Records to use |
########################################

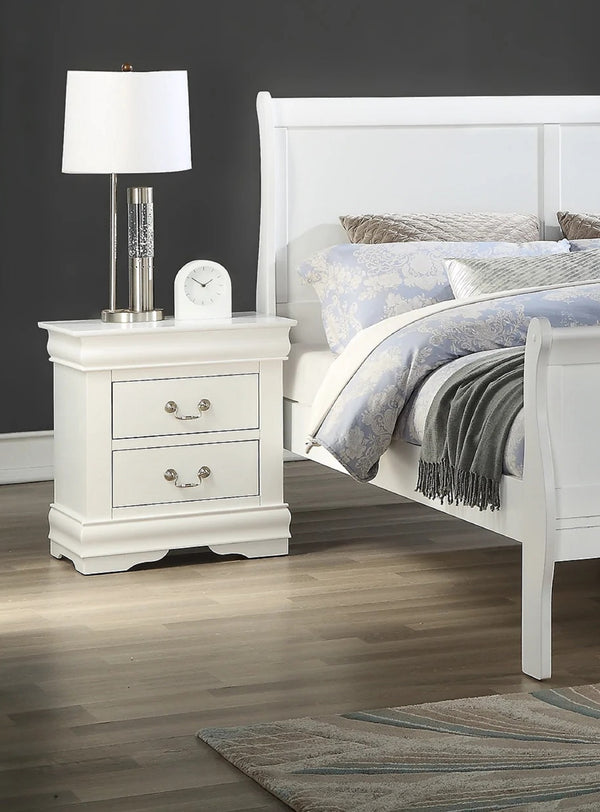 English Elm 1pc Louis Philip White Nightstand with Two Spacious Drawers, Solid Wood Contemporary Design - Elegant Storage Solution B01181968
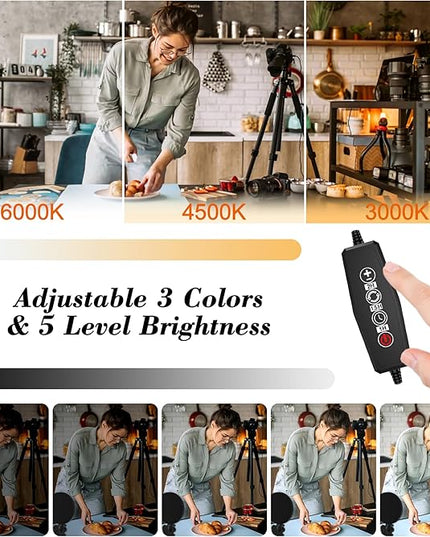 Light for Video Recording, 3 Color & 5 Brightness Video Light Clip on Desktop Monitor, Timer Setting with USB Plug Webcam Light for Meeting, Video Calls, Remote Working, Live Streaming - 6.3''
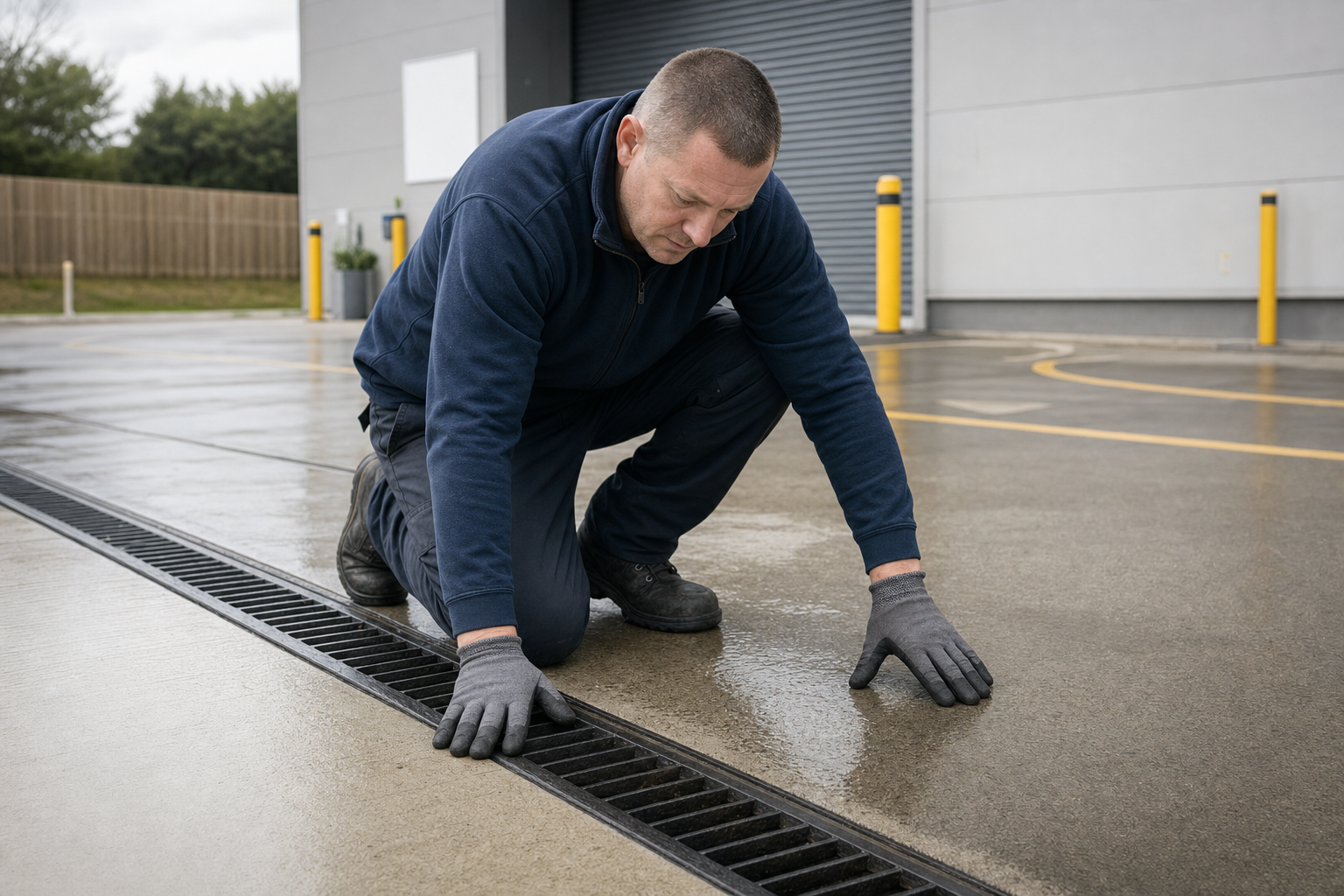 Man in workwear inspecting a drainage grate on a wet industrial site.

########################################

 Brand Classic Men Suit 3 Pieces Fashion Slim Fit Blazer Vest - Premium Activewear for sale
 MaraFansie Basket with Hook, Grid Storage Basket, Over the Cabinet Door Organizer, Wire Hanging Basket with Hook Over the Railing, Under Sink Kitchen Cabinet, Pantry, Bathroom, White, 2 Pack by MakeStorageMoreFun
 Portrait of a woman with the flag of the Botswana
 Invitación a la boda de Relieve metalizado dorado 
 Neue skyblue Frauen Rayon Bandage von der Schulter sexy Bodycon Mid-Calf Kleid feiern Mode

########################################

Assignment | Within the listing above, write out the stretch from the line with "English Elm 1pc" through the line with "Man in workwear" exactly. Any pictures are to be left out.

Your response |
 English Elm 1pc Louis Philip White Nightstand with Two Spacious Drawers, Solid Wood Contemporary Design - Elegant Storage Solution B01181968
 Light for Video Recording, 3 Color & 5 Brightness Video Light Clip on Desktop Monitor, Timer Setting with USB Plug Webcam Light for Meeting, Video Calls, Remote Working, Live Streaming - 6.3''
 Man in workwear inspecting a drainage grate on a wet industrial site.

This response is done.